Using the Gemini North telescope in Hawaii, astronomers have captured an image of comet 3I/ATLAS, an interstellar object that was first detected on July 1, 2025, by the Asteroid Terrestrial-impact Last Alert System (ATLAS) for which the comet was named. The letter "I" means "interstellar," and "3" indicates it is only the third object from another star system ever observed. The observations will help scientists study the characteristics of this rare object's origin, orbit and composition.
Gemini North is in Hawaii and is one half of the International Gemini Observatory, funded in part by the U.S. National Science Foundation. The imagery reveals the comet's compact coma - a cloud of gas and dust surrounding its icy nucleus.
"The sensitivity and scheduling agility of the International Gemini Observatory has provided critical early characterization of this interstellar wanderer," says Martin Still, NSF program director for the International Gemini Observatory. "We look forward to a bounty of new data and insights as this object warms itself on sunlight before continuing its cold, dark journey between the stars."
Ranging from tens of meters to a few kilometers in size, interstellar objects are pieces of cosmic debris left over from the formation of their host star's planetary systems. As these remnants orbit their star, the gravity of nearby larger planets and passing nearby stars can launch them out of their home systems and into interstellar space, where they can cross paths with other solar systems, including ours.
These visitors from faraway regions of the cosmos are valuable objects to study since they offer a tangible connection to other star systems.

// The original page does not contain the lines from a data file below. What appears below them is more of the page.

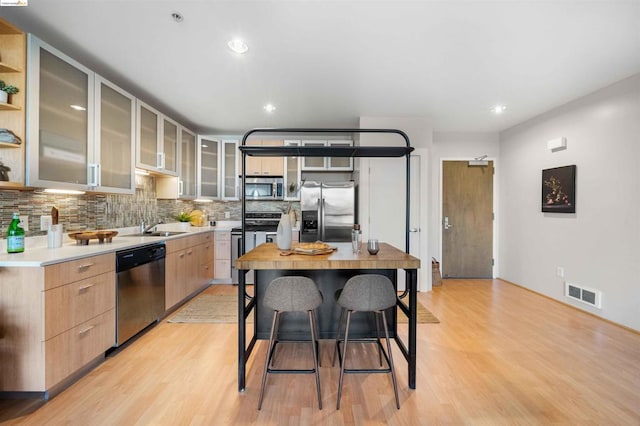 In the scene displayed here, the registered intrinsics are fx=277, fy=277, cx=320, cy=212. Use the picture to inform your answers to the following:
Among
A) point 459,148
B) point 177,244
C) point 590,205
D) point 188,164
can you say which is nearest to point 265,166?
point 188,164

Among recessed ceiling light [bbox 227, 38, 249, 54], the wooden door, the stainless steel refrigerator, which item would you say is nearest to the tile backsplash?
the stainless steel refrigerator

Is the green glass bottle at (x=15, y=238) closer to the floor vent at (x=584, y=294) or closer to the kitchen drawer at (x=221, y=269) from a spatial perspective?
the kitchen drawer at (x=221, y=269)

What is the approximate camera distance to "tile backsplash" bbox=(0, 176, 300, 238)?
2248mm

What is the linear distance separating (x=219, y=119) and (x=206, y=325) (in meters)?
3.00

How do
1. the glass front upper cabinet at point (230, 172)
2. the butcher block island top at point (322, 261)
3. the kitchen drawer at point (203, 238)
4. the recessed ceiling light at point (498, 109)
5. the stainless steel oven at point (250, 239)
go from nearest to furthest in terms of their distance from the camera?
1. the butcher block island top at point (322, 261)
2. the recessed ceiling light at point (498, 109)
3. the kitchen drawer at point (203, 238)
4. the stainless steel oven at point (250, 239)
5. the glass front upper cabinet at point (230, 172)

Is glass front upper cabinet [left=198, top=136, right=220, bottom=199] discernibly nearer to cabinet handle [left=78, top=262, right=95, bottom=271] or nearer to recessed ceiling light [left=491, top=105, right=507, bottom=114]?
cabinet handle [left=78, top=262, right=95, bottom=271]

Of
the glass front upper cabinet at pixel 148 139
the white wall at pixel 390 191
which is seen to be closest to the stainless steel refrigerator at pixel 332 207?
the white wall at pixel 390 191

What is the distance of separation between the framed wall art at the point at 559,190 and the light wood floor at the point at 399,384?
1.50 metres

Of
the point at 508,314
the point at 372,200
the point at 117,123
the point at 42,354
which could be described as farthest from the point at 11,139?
the point at 508,314

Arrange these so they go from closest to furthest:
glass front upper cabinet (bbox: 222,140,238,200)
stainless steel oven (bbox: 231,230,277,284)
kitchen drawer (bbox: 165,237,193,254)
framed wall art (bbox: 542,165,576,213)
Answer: kitchen drawer (bbox: 165,237,193,254) < framed wall art (bbox: 542,165,576,213) < stainless steel oven (bbox: 231,230,277,284) < glass front upper cabinet (bbox: 222,140,238,200)

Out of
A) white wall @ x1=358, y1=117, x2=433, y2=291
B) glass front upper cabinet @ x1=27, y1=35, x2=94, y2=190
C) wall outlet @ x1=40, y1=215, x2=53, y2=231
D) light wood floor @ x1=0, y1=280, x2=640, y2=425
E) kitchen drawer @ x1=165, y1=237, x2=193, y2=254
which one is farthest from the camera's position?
white wall @ x1=358, y1=117, x2=433, y2=291

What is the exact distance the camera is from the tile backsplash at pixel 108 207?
2248mm

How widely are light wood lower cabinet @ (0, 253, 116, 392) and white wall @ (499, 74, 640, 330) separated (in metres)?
5.02

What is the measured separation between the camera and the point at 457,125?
4.57 m
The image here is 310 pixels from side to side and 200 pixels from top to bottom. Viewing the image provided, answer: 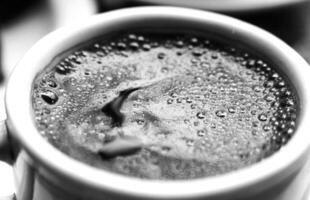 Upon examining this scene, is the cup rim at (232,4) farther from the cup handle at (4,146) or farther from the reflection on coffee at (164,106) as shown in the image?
the cup handle at (4,146)

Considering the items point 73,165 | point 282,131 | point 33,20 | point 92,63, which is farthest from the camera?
point 33,20

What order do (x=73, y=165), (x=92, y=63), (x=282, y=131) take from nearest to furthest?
(x=73, y=165)
(x=282, y=131)
(x=92, y=63)

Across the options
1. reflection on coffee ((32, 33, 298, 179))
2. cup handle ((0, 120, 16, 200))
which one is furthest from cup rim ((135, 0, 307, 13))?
cup handle ((0, 120, 16, 200))

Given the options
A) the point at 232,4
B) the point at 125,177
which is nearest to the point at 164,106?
the point at 125,177

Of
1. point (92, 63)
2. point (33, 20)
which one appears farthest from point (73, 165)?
point (33, 20)

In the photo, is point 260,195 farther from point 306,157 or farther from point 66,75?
point 66,75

They carry information about the chemical elements that were present when and where they formed, which gives scientists insight into how planetary systems form at distant stars throughout our galaxy's history, including stars that have since died out.
Although 3I/ATLAS is only the third interstellar object ever discovered, the NSF-DOE Vera C. Rubin Observatory, jointly funded by NSF and the U.S. Department of Energy's Office of Science, is expected to capture millions of objects moving throughout our solar system when it begins operations later this year. By repeatedly scanning the entire southern hemisphere sky every few nights, NSF-DOE Rubin will capture an unpredictable number of never-before-seen interstellar objects.